Work order:
Reproduce each line of the material exactly, minus any picture.

Material provided:
BEGIN
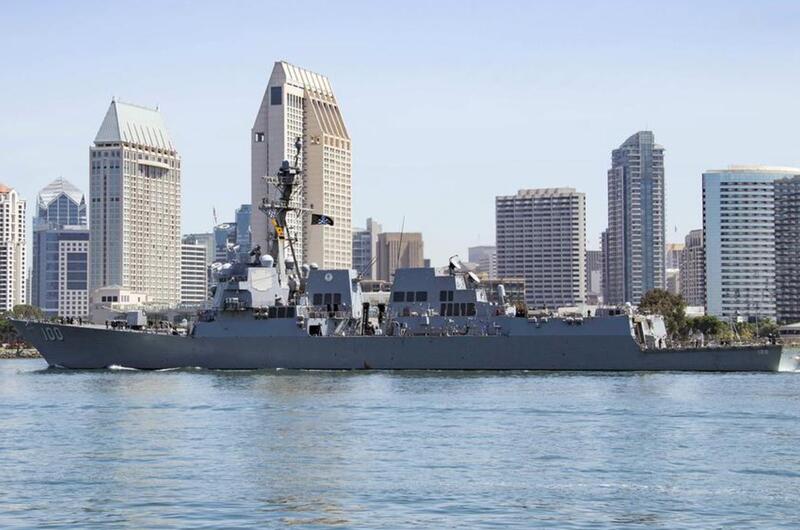 A sailor returns to the guided-missile destroyer USS Kidd at Naval Base San Diego after completing a coronavirus quarantine, June 5, 2020.
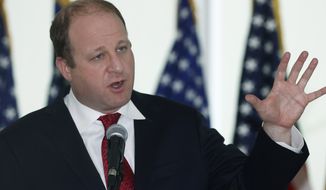 Colorado Governor Jared Polis speaks during a news conference to update the state&#x27;s efforts to stop the spread of the new coronavirus Wednesday, April 22, 2020, in Denver. (AP Photo/David Zalubowski)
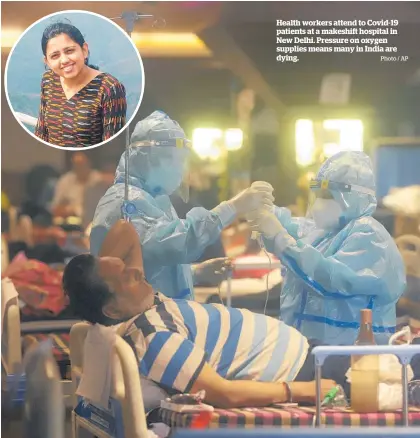  ?? Photo / AP ?? Health workers attend to Covid-19 patients at a makeshift hospital in New Delhi. Pressure on oxygen supplies means many in India are dying.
END
The completed task:
 A sailor returns to the guided-missile destroyer USS Kidd at Naval Base San Diego after completing a coronavirus quarantine, June 5, 2020.
 Colorado Governor Jared Polis speaks during a news conference to update the state&#x27;s efforts to stop the spread of the new coronavirus Wednesday, April 22, 2020, in Denver. (AP Photo/David Zalubowski)
  ?? Photo / AP ?? Health workers attend to Covid-19 patients at a makeshift hospital in New Delhi. Pressure on oxygen supplies means many in India are dying.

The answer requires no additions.